Thursday, July 12, 2012

The Pushcart War

1964, undated probably 1970s Grosset & Dunlap edition
Jean Merrill
Illustrated by Ronni Solbert
The Pushcart War
Bought new for 85 cents
Very worn paperback
B

This is Merrill's best known work (according to Wikipedia), and yet it's a half-forgotten little classic (cf. Amazon reviews).  It tells the "history" of a war between trucks and pushcarts, or rather the drivers of said vehicles.  Later editions kept pushing the date forward, so it was always "the future."  My copy has the author looking back a decade after the 1986 war.  She Hitchcocks in the chapter with letters to the editor, and claims to have met some of the minor players. 

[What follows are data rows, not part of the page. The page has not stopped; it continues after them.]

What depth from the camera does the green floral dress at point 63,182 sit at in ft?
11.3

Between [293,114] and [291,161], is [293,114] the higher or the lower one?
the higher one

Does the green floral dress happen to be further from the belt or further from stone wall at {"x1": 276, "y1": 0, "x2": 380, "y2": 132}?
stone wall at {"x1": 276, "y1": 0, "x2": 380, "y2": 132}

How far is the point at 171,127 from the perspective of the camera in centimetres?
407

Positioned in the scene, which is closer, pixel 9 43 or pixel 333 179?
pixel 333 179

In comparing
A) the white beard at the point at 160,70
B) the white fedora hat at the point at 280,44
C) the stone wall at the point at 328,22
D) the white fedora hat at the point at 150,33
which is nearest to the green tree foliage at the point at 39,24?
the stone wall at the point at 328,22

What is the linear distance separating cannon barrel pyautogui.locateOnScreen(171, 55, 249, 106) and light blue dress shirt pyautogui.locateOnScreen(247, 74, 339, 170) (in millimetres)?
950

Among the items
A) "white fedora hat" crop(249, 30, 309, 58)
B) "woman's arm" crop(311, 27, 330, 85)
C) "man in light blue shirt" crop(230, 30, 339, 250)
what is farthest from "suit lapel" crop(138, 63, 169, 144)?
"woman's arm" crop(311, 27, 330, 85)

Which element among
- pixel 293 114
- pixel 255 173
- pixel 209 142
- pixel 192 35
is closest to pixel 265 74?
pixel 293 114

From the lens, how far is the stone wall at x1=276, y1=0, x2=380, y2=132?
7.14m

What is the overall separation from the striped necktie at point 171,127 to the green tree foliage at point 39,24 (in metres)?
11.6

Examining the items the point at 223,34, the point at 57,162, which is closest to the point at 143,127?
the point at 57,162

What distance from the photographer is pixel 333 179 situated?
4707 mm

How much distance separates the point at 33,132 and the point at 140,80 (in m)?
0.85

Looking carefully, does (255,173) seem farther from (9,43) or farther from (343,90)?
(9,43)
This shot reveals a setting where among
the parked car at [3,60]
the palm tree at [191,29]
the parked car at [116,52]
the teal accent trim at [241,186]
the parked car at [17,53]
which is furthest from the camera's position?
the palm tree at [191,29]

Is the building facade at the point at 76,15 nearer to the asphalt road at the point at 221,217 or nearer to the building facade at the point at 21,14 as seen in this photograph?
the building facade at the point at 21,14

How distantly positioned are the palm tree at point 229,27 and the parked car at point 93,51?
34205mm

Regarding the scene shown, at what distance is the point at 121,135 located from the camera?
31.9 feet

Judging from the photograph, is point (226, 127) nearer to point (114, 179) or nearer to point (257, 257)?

The book is as New-Yorky as A Cricket in Times Square, with many of the characters having a New-Yorkish way of putting sentences together, such as "Should I be the Pushcart King for nothing?"  and "So maybe I should die now."  The story is more ethnically diverse than some of its contemporaries, although less than the actual New York City.  One of the cleverest pushcart peddlers is Spanish-speaking.  There aren't very many female characters, and one of them is sort of a Gracie-Allenesque starlet (dumb blonde who stumbles upon wisdom on accident), but General Anna is a brave old lady.

Merrill handles big issues, like war, in a light manner.  Her Toothpaste Millionaire (1972) shows a friendship between a white girl and a black boy, although the story isn't about race per se.  Here, there is a sense of danger, but mostly the violence is on the level of pea-shooters.  I don't know if she came up with the term "Peace Army" but the book does feel a bit prescient about politics in the later '60s.

My copy calls it a "laugh-out-loud saga," but it's more of a book to make you smile than guffaw or even chuckle.  This isn't as lovable or memorable a book as The Cricket in TS, and Solbert's illustrations aren't on the level of Williams's of course (though I am fond of the picture of the peddlers huddled around a fire, under a bridge), but it's a good follow-up if you're looking for another New York children's book from the first half of the 1960s.